Level measurement plays a fundamental role in many industrial and process control applications. Driven by the demands of OEMs and end users alike, designers constantly improve level sensor reliability and precision and reduce maintenance requirements. These innovations offer huge potential. To achieve optimum sensor performance, however, you need to match the device's specifications with the application's requirements, and to do this, you must stay current with evolving sensor technology.
Selecting the Right Sensor
When specifying a level sensor, you should consider several factors. In most cases, it's a mistake to make cost a primary concern because the savings achieved by selecting a less expensive option is often offset by higher maintenance outlays. Instead, focus on the nature of the material to be measured, its material characteristics (e.g., liquid, slurry, or solid), temperature and pressure conditions, and the material composition of the tank holding the material.

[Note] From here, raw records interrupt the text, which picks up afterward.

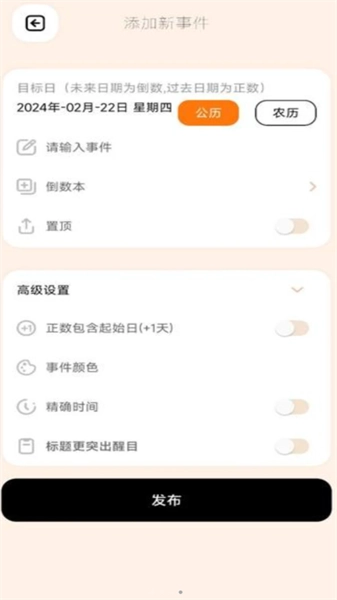 碧空倒数日图2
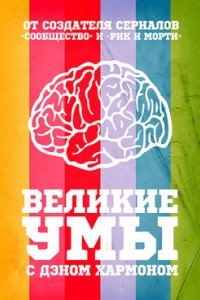 Великие умы с Дэном Хэрмоном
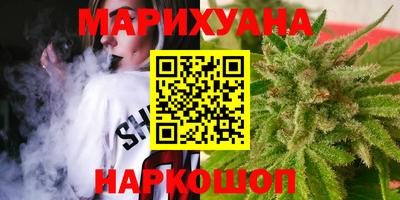 мдма Мариинск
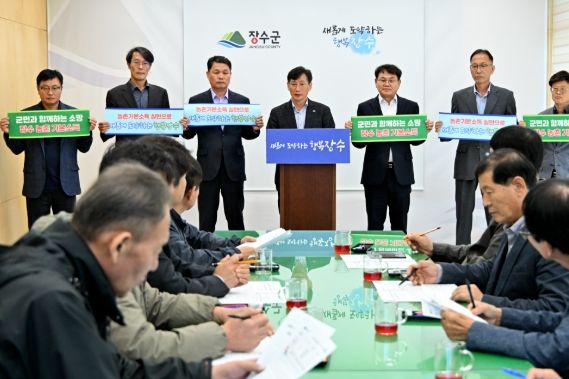 최훈식 장수군수, “농어촌 기본소득 시범지역 추가 선정해달라”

The breadth of available level measurement options accommodates a wide range of applications. Among the most familiar level measurement methods are RF capacitance, conductance (conductivity), hydrostatic gauging, and ultrasonics.
Evolving Sensor Technology
All of these measurement methodologies have continued to evolve to address the changing nature of applications. For example, contamination from water ingress constantly threatens diesel engines by causing corrosion that seriously damages injection pumps and injectors. This is particularly true for high-efficiency engines, especially modern ones, where condensation is a common problem.
In response, the conductivity sensor has evolved to provide increasingly reliable service in detecting the presence of water in fuel. Conductive level measurement is achieved via the electrical conductance of the process material—typically a liquid with a low-voltage source—and offers a relatively low-cost, simple method of detecting water in fuel.
Gems Sensors & Controls recently launched the WIF-1250, a no-moving-parts device for use in high-efficiency diesel engines and diesel fuel storage tanks. The WIF-1250 contains integral, high-temperature-rated electronics that generate an alternating voltage to a probe tip. The presence of water completes the circuit, which in turn changes the condition of the transistor output. The output of the sensor can be used to actuate relays, indicator lights, or LEDs, as well as to interface with CMOS/TTL logic, PLCs, or microprocessors. Systems such as this add reliability to fluid measurement. Historically, the presence of water in fuel has been discovered only after damage has been done; whereas, today's solutions allow corrective action to be taken as soon as problems arise.
Another example of evolving level sensing technology can be seen in electro-optic sensors. This type of sensor contains both an infrared LED and a light receiver. Infrared light from the LED is directed into a prism at the tip of the sensor, and when no liquid is present, the light is reflected within the prism to the receiver. When liquid rises in the vessel to immerse the prism, however, the light from the infrared LED is refracted out into the liquid. At this point, there is no longer any light reaching the receiver, which actuates electronic switching to operate an external alarm or control circuit. There are now electro-optic components on the market that offer ingress protection ratings of IP66 and upwards and operate in temperatures ranging from –40°C to 110°C.
As illustrated by the example of high-efficiency diesel engines, the growing sophistication of modern engineering systems demands ever-tighter degrees of process control, and this has led sensor designers to develop more advanced level measurement systems. Recently, designers have added wireless capabilities to enable the transmission of level data over longer distances without signal degradation.
Increasingly, legislation and the need to stay competitive set stiff requirements for reliability and sustainability across the full range of industries, and the newest level sensors are powerful tools that help plant engineers to meet these goals. With this constantly evolving technology landscape, the engineer that stays up-to-date with level measurement developments achieves the level best.